Harzer Erz und schlesische Kohle
Der Ort, an dem Högg heute Eisen plättet, ist eine Institution in Wernigerode. Auf die Krellsche Schmiede weisen sogar Touristen-Wegweiser hin – und das in einer an Sehenswürdigkeiten nicht gerade armen Stadt. Seit 1678 wird in dem Fachwerkhaus an der belebtesten Straße der Harz-Metropole Metall in Form gebracht – damals noch die Eisen für Pferdehufe. Mit fast 340 Jahren Geschichte ist der Betrieb der älteste seiner Art in ganz Deutschland. Derzeit hat Wolf-Dieter Wittig den Schmiedehammer in der Hand. „Vor neun Jahren bin ich nach Wernigerode gekommen“, erzählt der 47-Jährige. Er sei damals auf der Suche nach einer traditionellen Schmiede gewesen. „Und viel traditioneller als hier geht es ja gar nicht.“
Wohl wahr! Tritt man hinter die Fachwerk-Fassade, so wähnt man sich plötzlich in einem anderen Zeitalter. Es ist, als würde der Kohlenstaub von Jahrhunderten durch die Luft zirkulieren. Die Wände sind mit Hämmern, Zangen und Gesenken eingekleidet. Ein großer Amboss füllt die Raummitte und in der Ecke lodert das geschürte Feuer im mächtigen Schmiedeofen. „Wir arbeiten im Wesentlichen noch wie vor gut 340 Jahren“, sagt Wittig.

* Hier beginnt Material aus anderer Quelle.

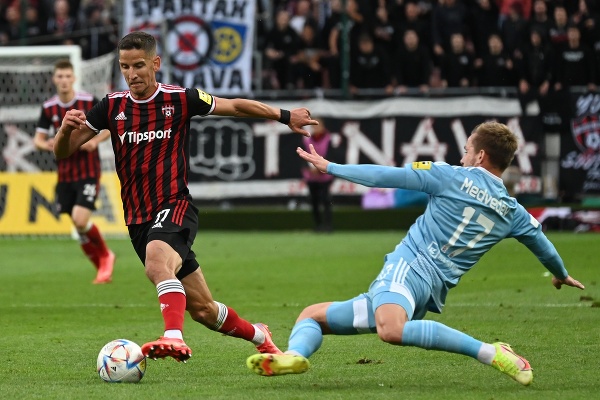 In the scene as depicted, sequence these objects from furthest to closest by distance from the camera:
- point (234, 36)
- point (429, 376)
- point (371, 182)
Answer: point (234, 36) → point (429, 376) → point (371, 182)

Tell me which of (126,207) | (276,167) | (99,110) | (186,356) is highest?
(99,110)

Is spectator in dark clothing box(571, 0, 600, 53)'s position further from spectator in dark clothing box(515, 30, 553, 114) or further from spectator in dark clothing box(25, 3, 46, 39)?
spectator in dark clothing box(25, 3, 46, 39)

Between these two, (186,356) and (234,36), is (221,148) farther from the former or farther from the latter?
(186,356)

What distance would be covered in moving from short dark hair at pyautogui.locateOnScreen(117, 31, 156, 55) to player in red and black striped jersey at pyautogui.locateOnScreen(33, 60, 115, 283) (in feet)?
20.4

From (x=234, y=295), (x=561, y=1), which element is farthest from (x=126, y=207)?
(x=561, y=1)

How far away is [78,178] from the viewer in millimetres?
14023

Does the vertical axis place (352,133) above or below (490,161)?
below

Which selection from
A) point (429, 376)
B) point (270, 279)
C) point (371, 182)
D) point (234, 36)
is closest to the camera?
point (371, 182)

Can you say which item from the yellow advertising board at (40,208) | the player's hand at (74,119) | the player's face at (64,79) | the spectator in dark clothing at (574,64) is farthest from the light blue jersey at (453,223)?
the spectator in dark clothing at (574,64)

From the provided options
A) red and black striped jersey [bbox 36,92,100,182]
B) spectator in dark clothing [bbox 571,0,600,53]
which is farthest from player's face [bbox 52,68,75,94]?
spectator in dark clothing [bbox 571,0,600,53]

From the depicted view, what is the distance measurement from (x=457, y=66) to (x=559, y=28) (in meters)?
1.90

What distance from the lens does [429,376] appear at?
23.5ft

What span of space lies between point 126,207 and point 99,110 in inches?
24.7

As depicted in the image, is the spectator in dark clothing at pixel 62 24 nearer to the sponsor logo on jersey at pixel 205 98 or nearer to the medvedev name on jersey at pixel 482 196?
the sponsor logo on jersey at pixel 205 98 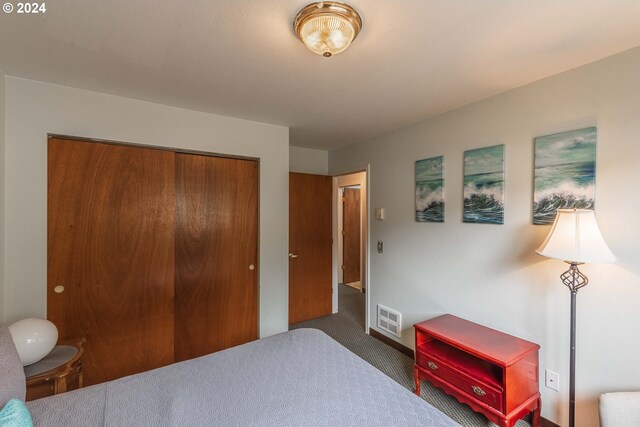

Ihm ist es wichtig, die alte Schmiedekunst zu pflegen. Er schmilzt selber Erz ein und gewinnt Eisen. Den Rohstoff bekommt er aus kleinen Lagerstätten im Harz. Mit Leichtigkeit kann Wittig auch eine halbe Stunde über die perfekte Schmiedekohle dozieren, die ihm über die Harzer Schmalspurbahn aus Schlesien geliefert wird. „Dort gibt es noch eine von drei Zechen weltweit, die Kohle in der Güte produzieren, wie wir sie brauchen“, erklärt der 47-Jährige.
Aus dem Eisen baut Wittig Feuerschalen und Kerzenleuchter, die er bis nach Italien exportiert. Für Touristen rundet er Metallstreifen zu Hufeisen. Man kann bei ihm aber auch Geländer oder ein Gartentor bestellen. „Eisen ist ein so vielfältiger Werkstoff, den ich in seiner Breite auch ausnutzen will“, sagt der Schmied.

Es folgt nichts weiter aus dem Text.